The Payment Card Industry Data Security Standards (PCI DSS) requires the merchants dealing with credit card holder data to perform regular vulnerability scans, in order to keep their security flaws covered. Merchants often come with a question, “When do you need to run a PCI Scan?” the answer to this question is quite simple.
What are the Requirements of the PCI DSS for Vulnerability Scans?
In order to know when the PCI Scan is required, we should know about the PCI DSS requirements first. The PCI DSS requires merchants to run both “Internal and External” vulnerability scans, in order to keep the credit card holder information system up to current security standards.

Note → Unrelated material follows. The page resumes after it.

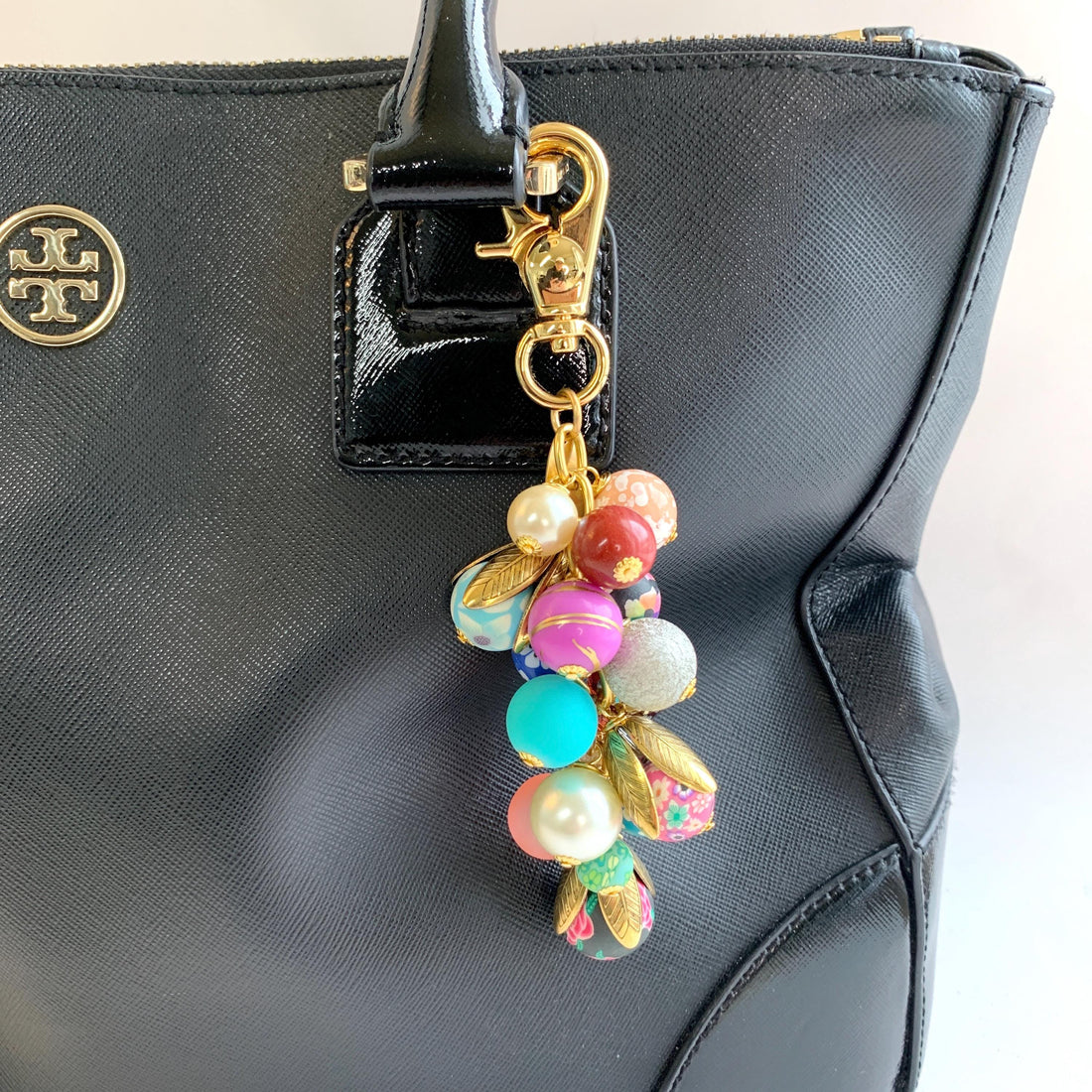 Beaded bag charm for handbags. Gold trigger clasp with long chain filled with a mix of floral beads, sparkly beads and pearls. Colorful purse charm.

External Scans: External scans should be conducted from the outside of the organization and must include all the external IP addresses. These scans will help you to know about vulnerabilities in your security system that might be breached by the hackers to get hold of the sensitive credit card holder data.
Internal Scans: Internal scans must be performed from inside the organization’s network from multiple locations to know about the security system within the card holder data environment.
These scans will point out flaws and will give you a review of your internal security that might get exploit by attackers, once they get their hands on it.
When is a PCI Scan required?
PCI scan must at least be performed on quarterly basis. To make the system extra secure the quarterly scans should be supplemented with scans in between quarters; other than this, it is necessary to perform scans whenever any changes are made to the card holder data system.
Can I Perform the Scans?
The answer to this question is both yes and no. You might be able to perform all the internal scans to meet the internal scan requirements; but the PCI DSS needs you to use Approved Scanning Vendor (ASV) for external scans. If you want to do internal scans on your own then do make sure that the scans are performed by qualified staff members; who are independent from the staff responsible for your security systems.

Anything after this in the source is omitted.